## [Task directions]
Set down all of the entries below exactly, and omit the pictures.
Top of Supplied data
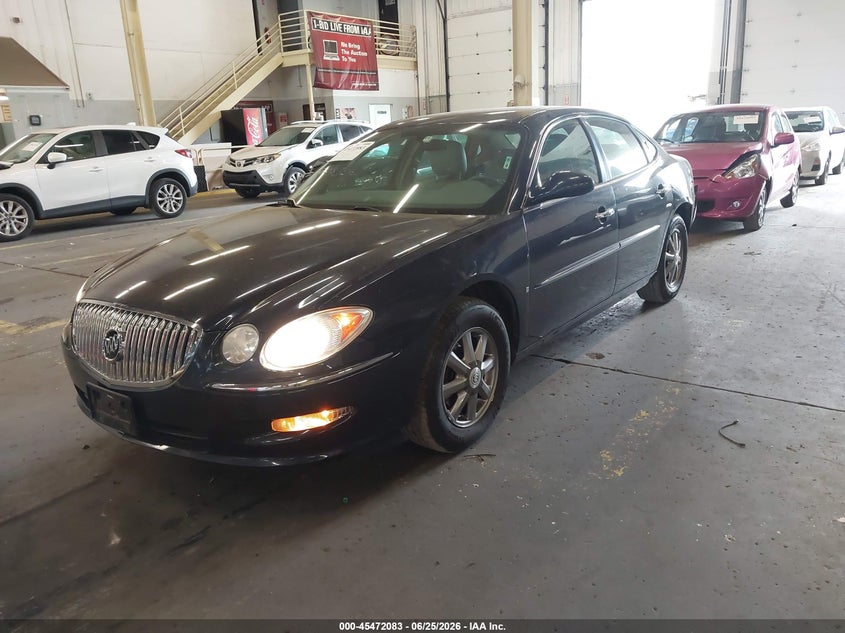 2008 BUICK LACROSSE SEDAN 3.8L V-6 200HP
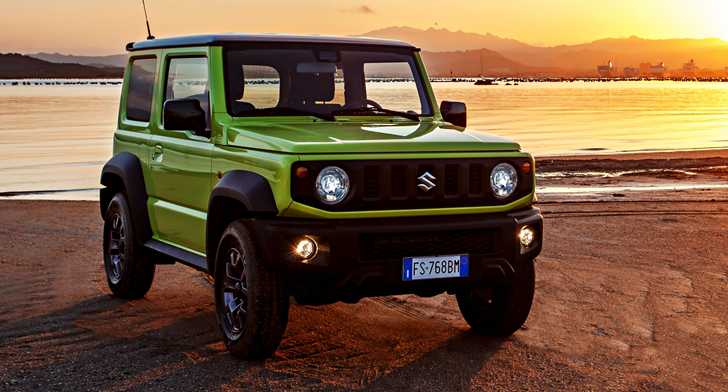2018 Suzuki Jimny AllGrip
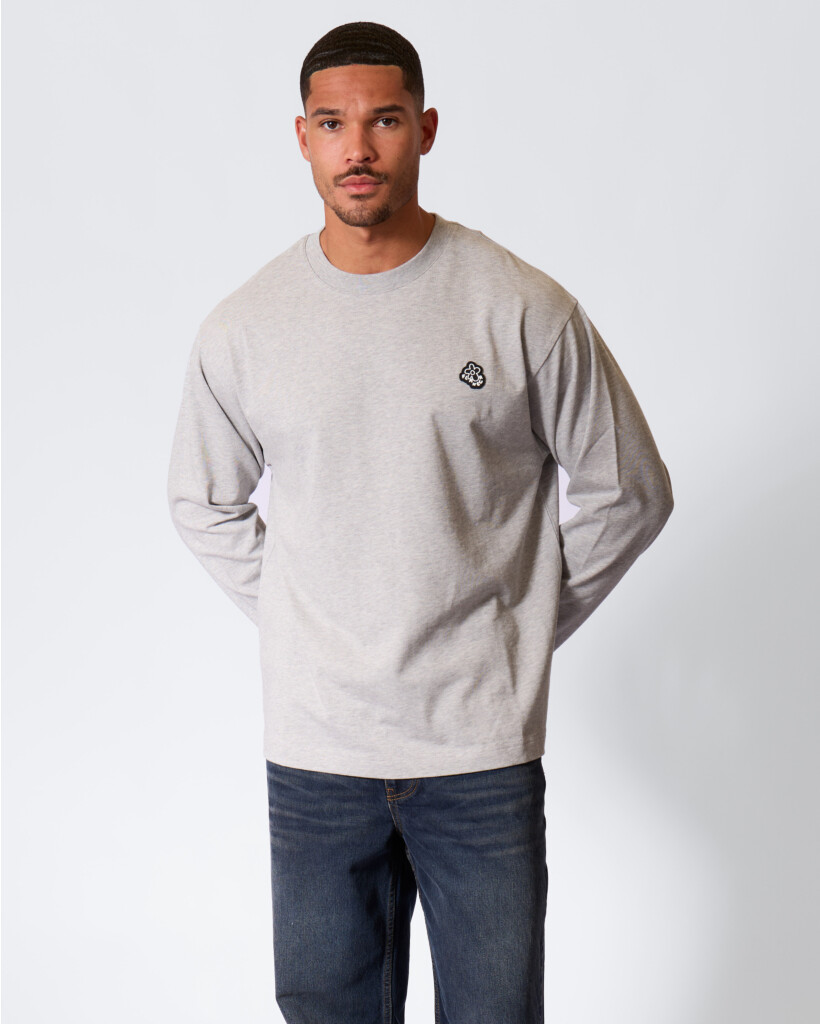 Rubber Blossom Longsleeve Heather Gry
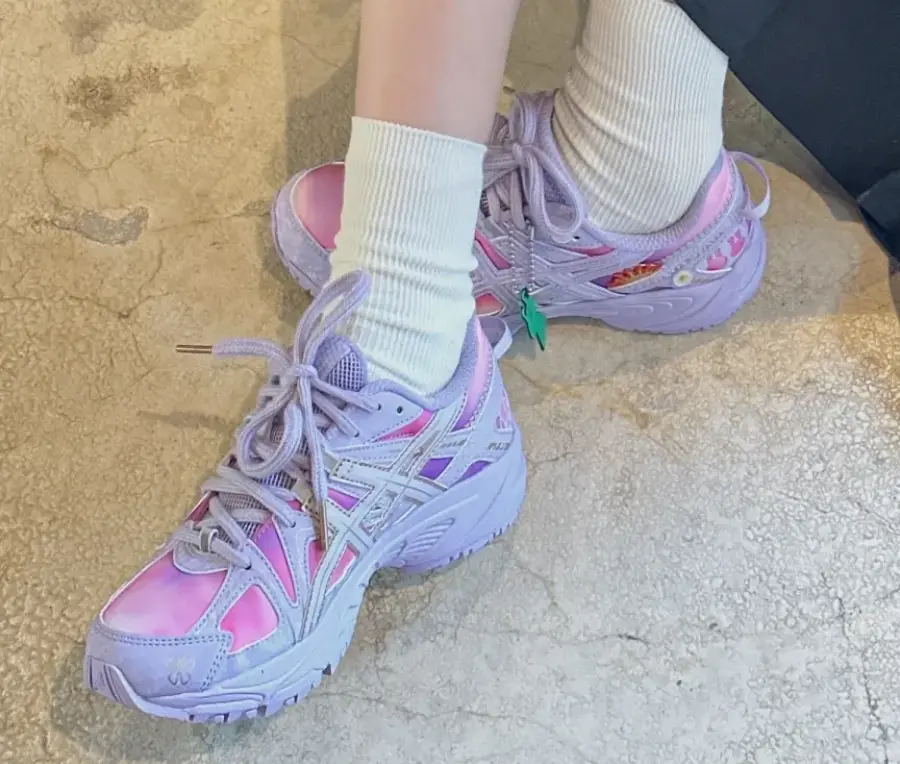 Giày Asics x Junna Maruyama Gel-Kahana 'Taro Purple' 1203A263-700 - Ảnh 4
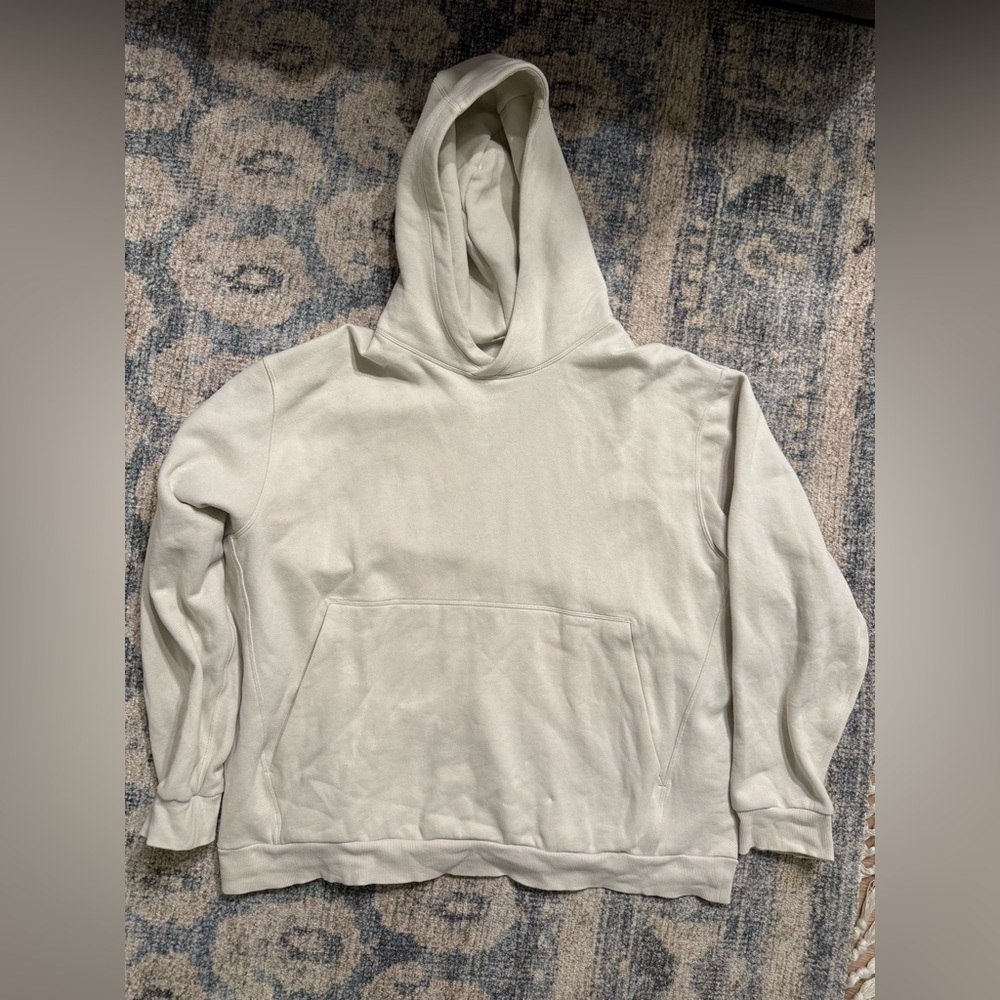 Lululemon Steady‎ State Pullover Hoodie Size XL Pristine Condition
Bottom of Supplied data
## [Reply to the exercise]
 2008 BUICK LACROSSE SEDAN 3.8L V-6 200HP
2018 Suzuki Jimny AllGrip
 Rubber Blossom Longsleeve Heather Gry
 Giày Asics x Junna Maruyama Gel-Kahana 'Taro Purple' 1203A263-700 - Ảnh 4
 Lululemon Steady‎ State Pullover Hoodie Size XL Pristine Condition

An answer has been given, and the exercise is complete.